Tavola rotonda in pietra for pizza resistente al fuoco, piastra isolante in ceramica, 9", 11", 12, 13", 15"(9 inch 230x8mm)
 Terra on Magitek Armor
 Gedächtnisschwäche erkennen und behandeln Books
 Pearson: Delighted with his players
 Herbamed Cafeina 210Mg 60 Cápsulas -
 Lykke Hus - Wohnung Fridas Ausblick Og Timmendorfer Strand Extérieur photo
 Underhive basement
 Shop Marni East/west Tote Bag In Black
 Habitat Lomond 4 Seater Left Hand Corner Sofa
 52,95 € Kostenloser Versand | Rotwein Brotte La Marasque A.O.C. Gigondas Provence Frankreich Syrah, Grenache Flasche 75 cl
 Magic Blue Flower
____
The response must consist solely of the lines from the first line of the entries through the line containing "52,95 € Kostenloser", repeated exactly.

Tavola rotonda in pietra for pizza resistente al fuoco, piastra isolante in ceramica, 9", 11", 12, 13", 15"(9 inch 230x8mm)
 Terra on Magitek Armor
 Gedächtnisschwäche erkennen und behandeln Books
 Pearson: Delighted with his players
 Herbamed Cafeina 210Mg 60 Cápsulas -
 Lykke Hus - Wohnung Fridas Ausblick Og Timmendorfer Strand Extérieur photo
 Underhive basement
 Shop Marni East/west Tote Bag In Black
 Habitat Lomond 4 Seater Left Hand Corner Sofa
 52,95 € Kostenloser Versand | Rotwein Brotte La Marasque A.O.C. Gigondas Provence Frankreich Syrah, Grenache Flasche 75 cl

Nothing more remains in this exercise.